La arquitectura no tiene historia; vive en un continuo presente. Todos los edificios que forman parte de un yacimiento arqueológico han sido rescatados, consolidados modernamente -obras de consolidación que no pueden cesar, como bien se demuestra en Pompeya, por ejemplo. Los únicos edificios que tienen una historia fechable, cuya historia pertenece al pasado, son aquellos que no han sido desenterrados o descubiertos aún. Pero, en este caso, nada pueden contarnos.
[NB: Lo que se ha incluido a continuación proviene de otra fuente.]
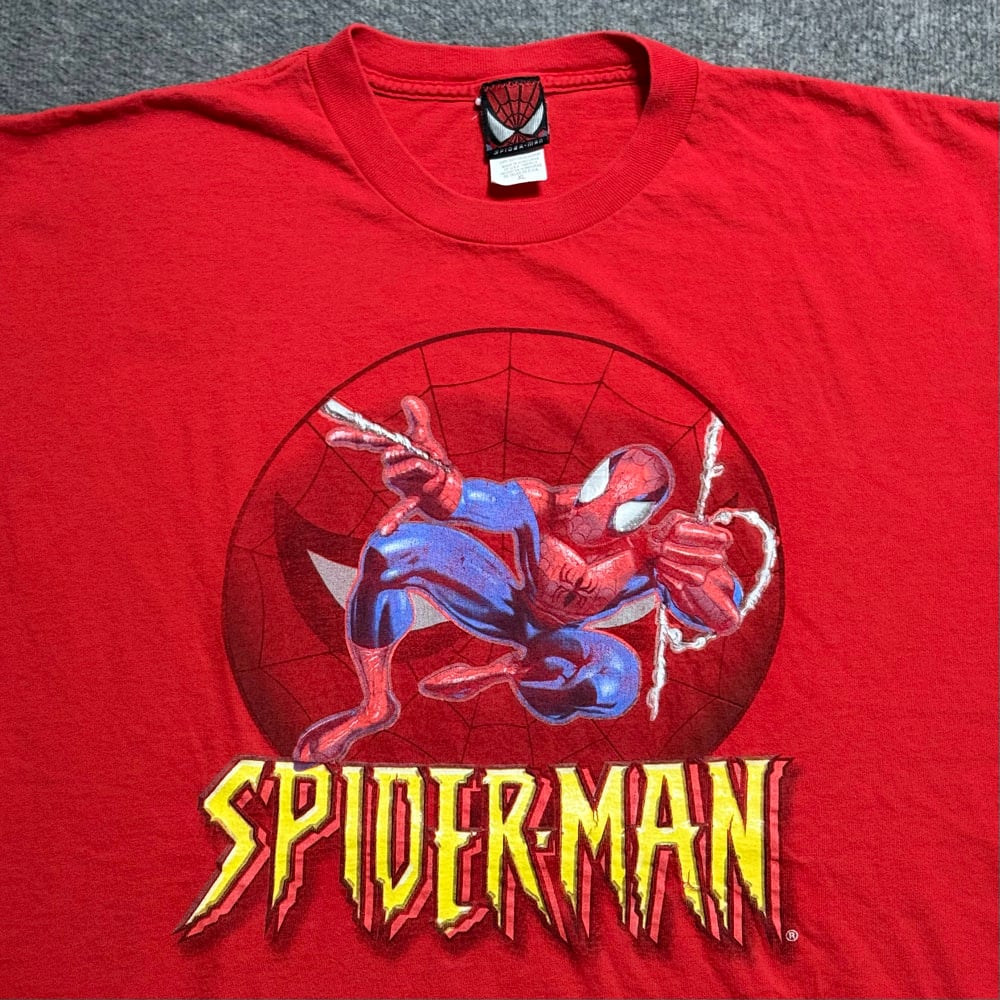 Image of 2000s Spiderman Movie Promo Graphic Tee (XL)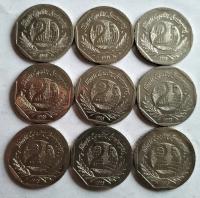 Moneta Francja 2 franki 1998 Powszechna Deklaracja Praw Człowieka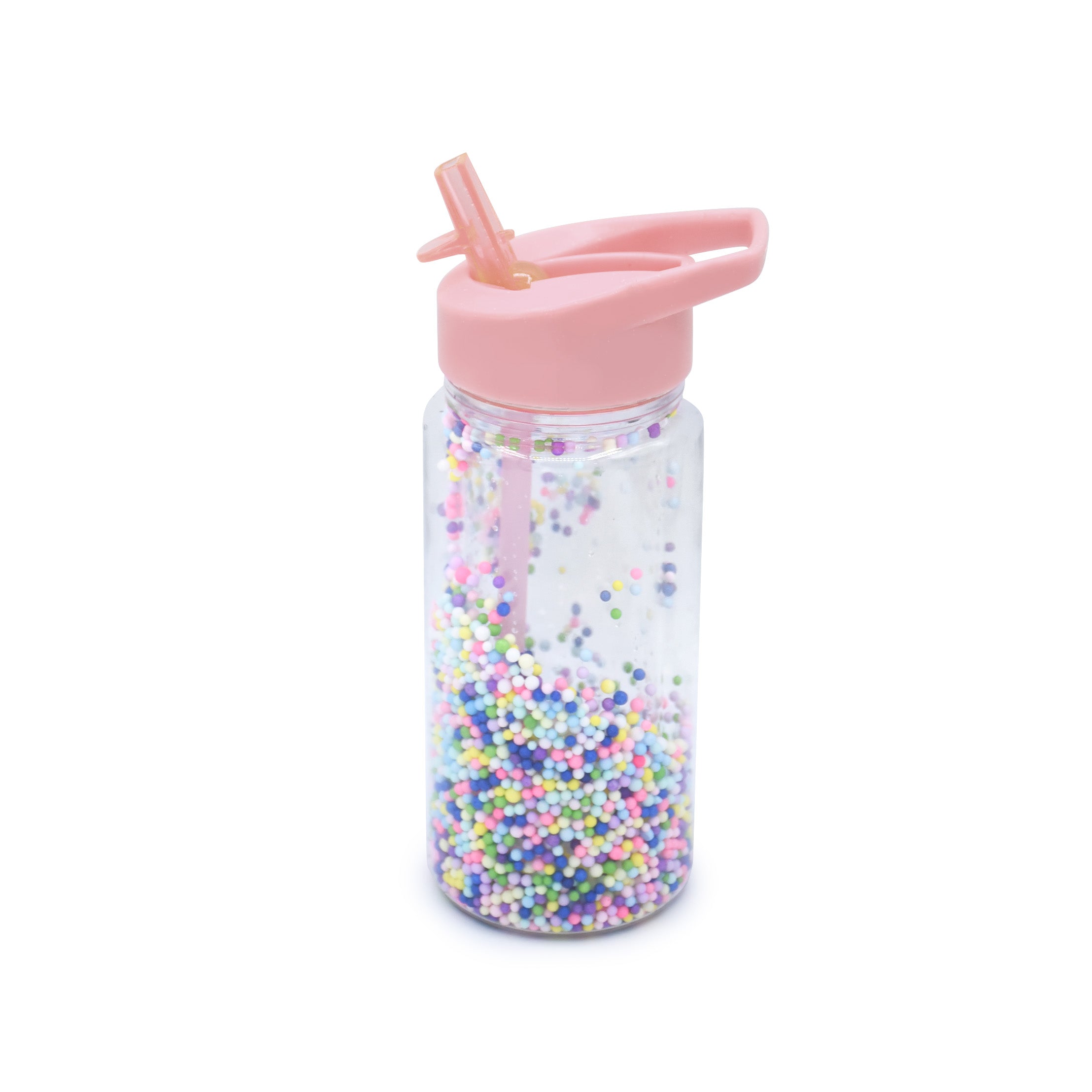 STICLA DE APA 300 ML CU PERETI DUBLI, MELII, CU BILE DIN SPUMA CULORI FETE [ps:76b7866b-87cd-4e88-8ce3-8d22cecc6037]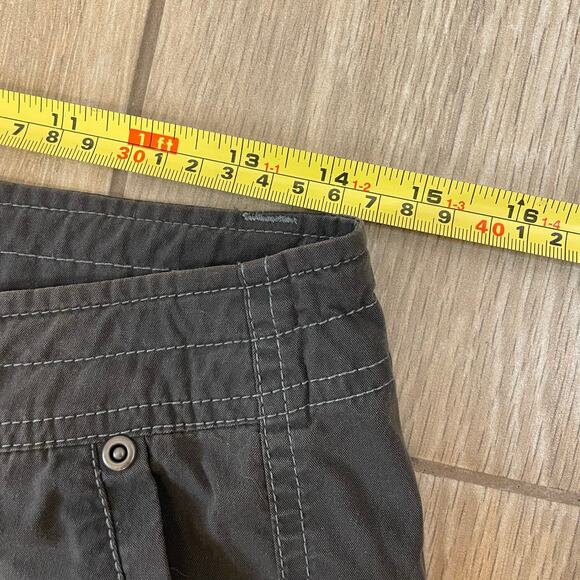 KUHL Capri Pants Women’s 4 Gray Outdoor Stretch Cargo Hiking Nylon Blend - Picture 4 of 14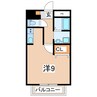 東北本線/郡山駅 バス:20分:停歩3分 2階 築24年 1Rの間取り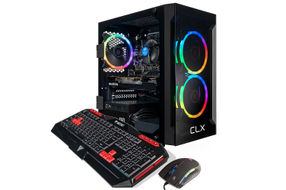 CLX - SET Gaming Desktop - Intel Core i5 11400F - 16GB Memory - Radeon RX 6500 XT - 1TB M.2 NVMe SS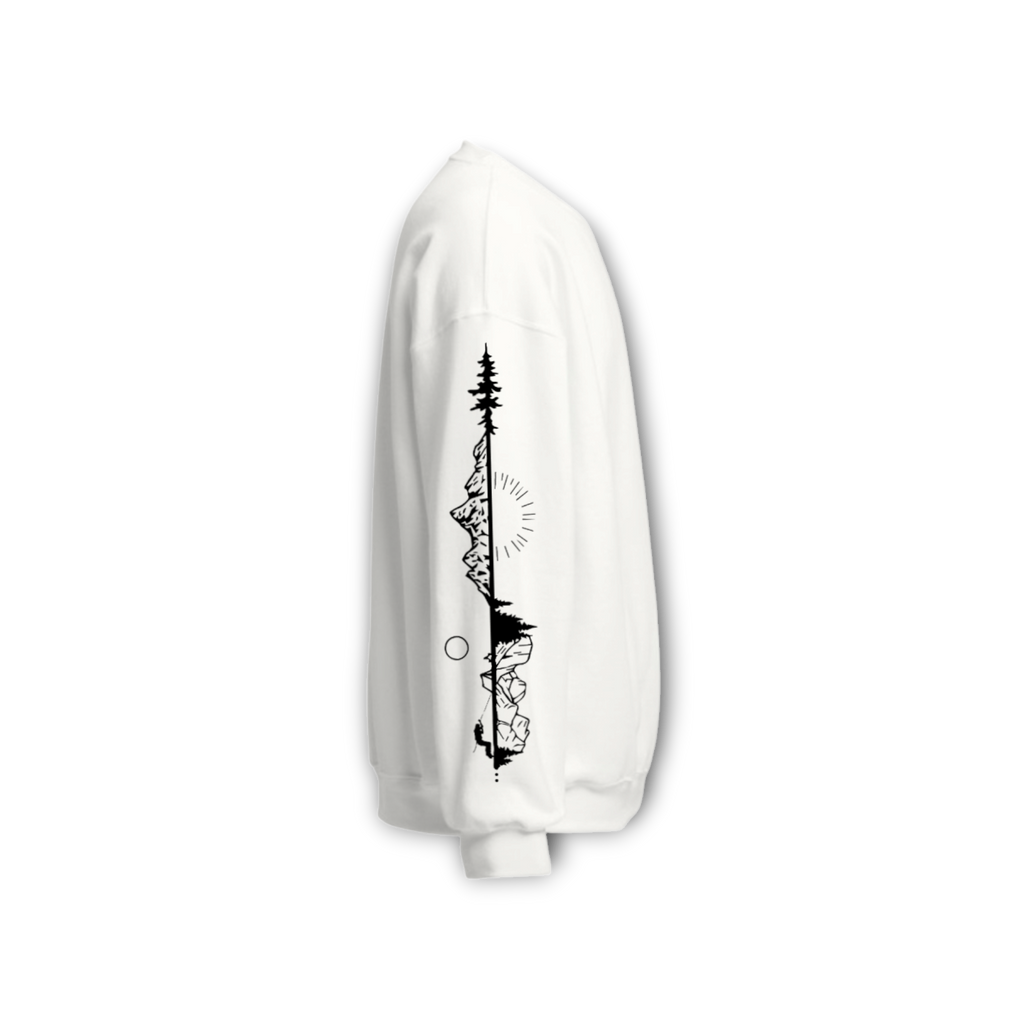 ASPIRE UNISEX WHITE SWEATSHIRT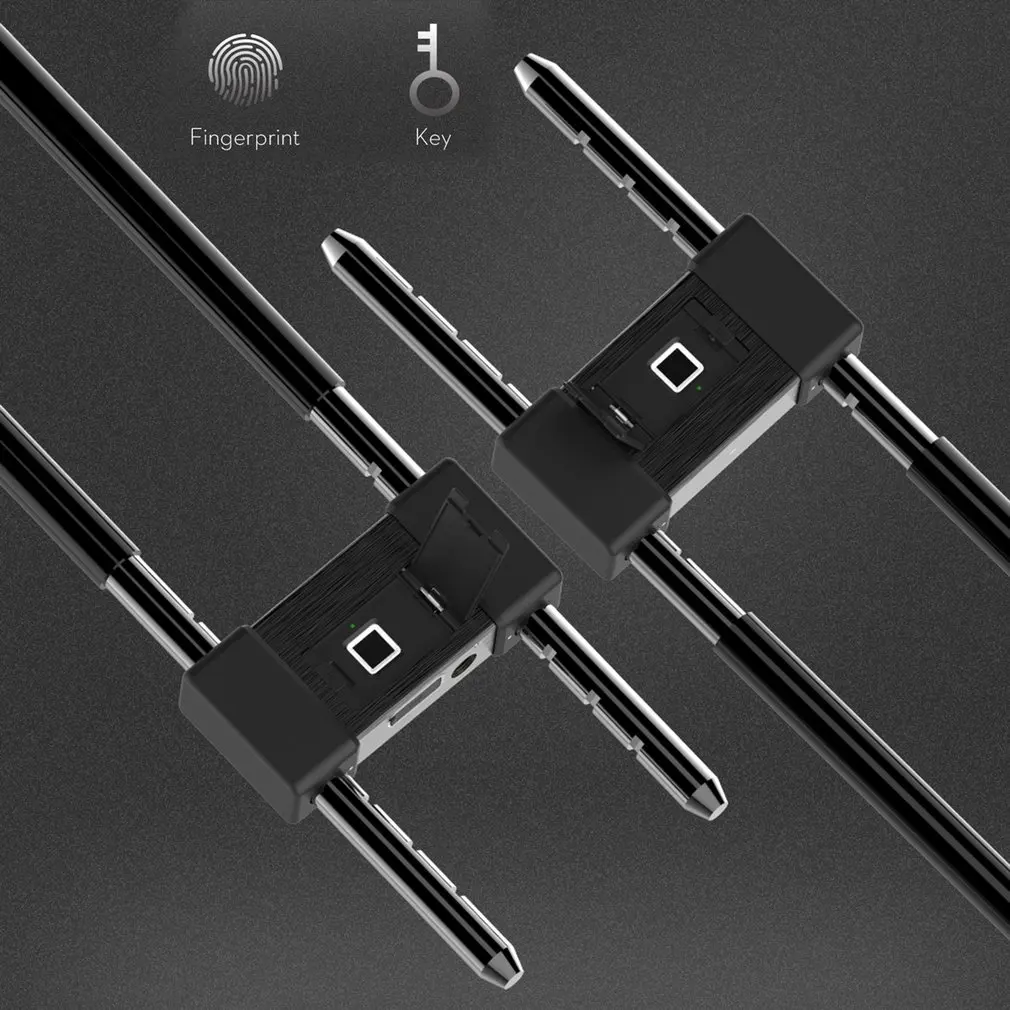 Смарт USB зарядка отпечатков пальцев замок L12 U форма замок супер cpu водонепроницаемый IP65 Противоугонный замок безопасности дверь велосипедный замок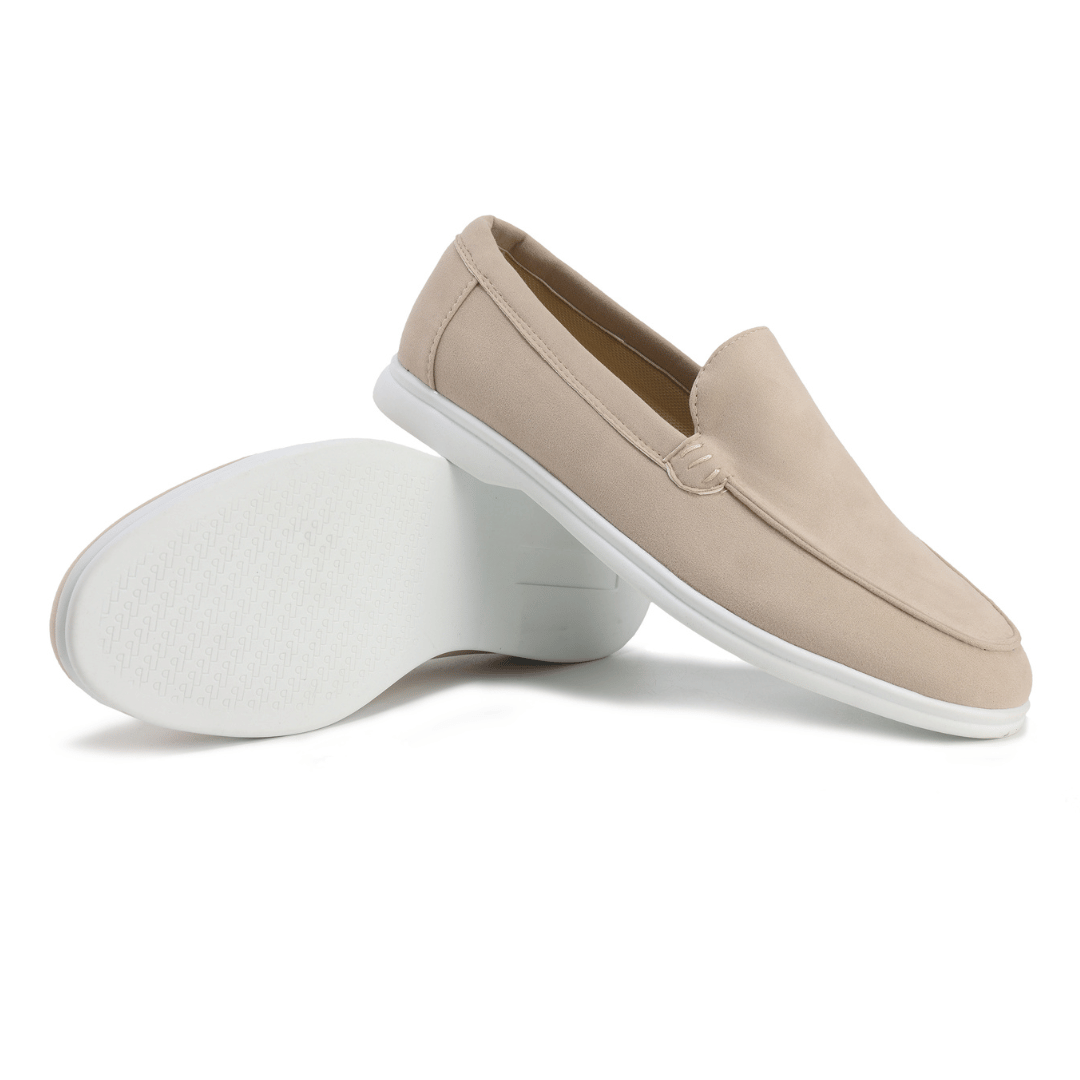 Herreslip-on loafers Komfortable memory foam læderblanding 9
La arquitectura no es tanto un palimpsesto -como se ha escrito a menudo- sino se asemeja más bien a la tela que Penélope tejía y deshacía diariamente: una obra en constante evolución, que nunca concluye, sin origen ni final.
Es por este motivo, que la congelación que se practica cuando se restaura un edificio primando un determinado aspecto, altera esencialmente lo que es un edificio: una obra viva, que no es inmortal, sino que como todo organismo vive, nace, muere y renace constantemente. La restauración es, en verdad, una momificación, y demuestra el temor a la vida, impidiendo que los edificios vivan, sufran, caigan y vuelvan a recuperar su prestancia, siempre cambiante.